Hypergraph containers

We develop a notion of containment for independent sets in hypergraphs. For every $r$-uniform hypergraph $G$, we find a relatively small collection $C$ of vertex subsets, such that every independent set of $G$ is contained within a member of $C$, and no member of $C$ is large; the collection, which is in various respects optimal, reveals an underlying structure to the independent sets. The containers offer a straightforward and unified approach to many combinatorial questions concerned (usually implicitly) with independence. With regard to colouring, it follows that simple $r$-uniform hypergraphs of average degree $d$ have list chromatic number at least $(1/(r-1)^2 + o(1)) \log_r d$. For $r = 2$ this improves a bound due to Alon and is tight.

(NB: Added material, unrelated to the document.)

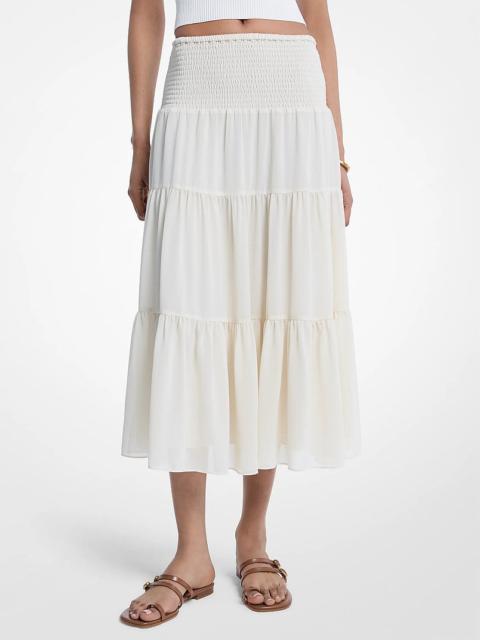 MICHAEL KORS Smocked Georgette Tiered Skirt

For $r \ge 3$, previous bounds were weak but the present inequality is close to optimal. In the context of extremal graph theory, it follows that, for each $\ell$-uniform hypergraph $H$ of order $k$, there is a collection $C$ of $\ell$-uniform hypergraphs of order $n$ each with $o(n^k)$ copies of $H$, such that every $H$-free $\ell$-uniform hypergraph of order $n$ is a subgraph of a hypergraph in $C$, and $\log |C| \le c n^{\ell-1/m(H)} \log n$ where $m(H)$ is a standard parameter (there is a similar statement for induced subgraphs). This yields simple proofs, for example, for the number of $H$-free hypergraphs, and for the sparsity theorems of Conlon-Gowers and Schacht. A slight variant yields a counting version of the K{\L}R conjecture. Likewise, for systems of linear equations the containers supply, for example, bounds on the number of solution-free sets, and the existence of solutions in sparse random subsets. Balogh, Morris and Samotij have independently obtained related results.